Who'd ever heard the cute-as-morning-sickness phrase "baby bump" until about 10 years ago? I hadn't, even when my own bump looked like Rachel Ray. Now the bump's right up there with the Birkin bag — an accessory every tabloid feels compelled to comment on. "Is that a baby bump?" "Proudly displaying her baby bump ... " Or sometimes it's just an arrow excitedly pointing, "The bump," — as if they've found Osama.

Skenazy thinks that we, the public, dwell on babies — not just celeb kids but our own — because "they're our hobby, our status, our conversational calling cards, our Second Lives." Well guess what, lady? Some of us do not give a shit. Sure, the Jolie-Pitt kids are cute — the adopted and biological ones — but so are so are puppies and platypi.

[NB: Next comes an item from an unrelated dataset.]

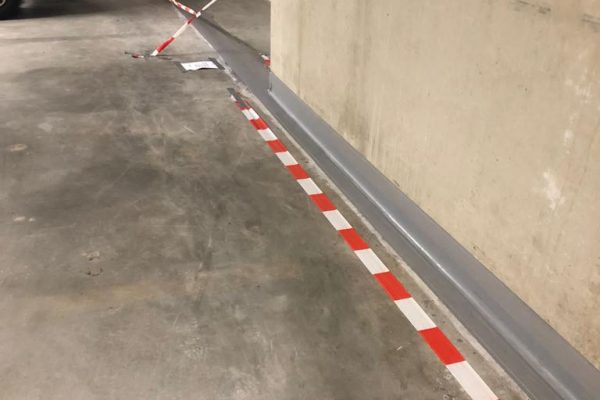 Masterseal 930/933 van MBCC toegepast in een parkeergarage in Arnhem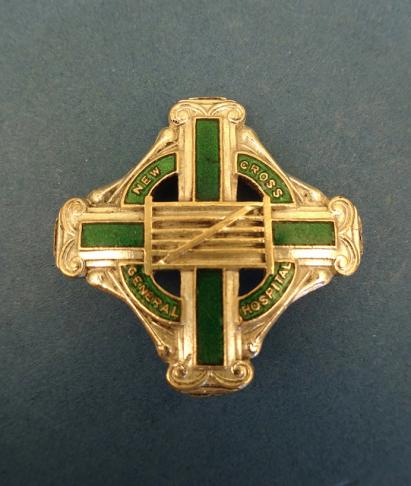 New Cross General Hospital,Nurses Badge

But there are no platypi on the cover of Us Weekly because all women are supposed to have BABY FEVER. I hate, HATE the predisposed notion that the lack of a Y chromosome means I must involuntarily drool at the sight of an infant. Cute babies are cute, but some of them look like undone suckling pigs that need to go back in the oven. This is coming from a woman with no pets and no plants, who finds it emotionally draining to be responsible for herself and is not, at this juncture of her life, in the mindset to care for another human, animal or snippet of flora. But the tabloids seem to think we all have BABY FEVER, that no woman is immune, that if you have ovaries then you're gonna want to hear about someone else's. I'm not into babies! Hopefully I would be, if they were mine, but they're not! They belong to rich people I have never met. And the only thing worse than being expected to give a crap about a random kid is giving a crap about a random maybe-possibly pregnant woman! Is it a requirement of femininity to care about celebrity children? Am I destroying the sisterhood if I don't give a fuck about Jen Garner's uterus? Why is it suddenly mandatory to be on "bump watch"? Am I the only one who just doesn't give a shit?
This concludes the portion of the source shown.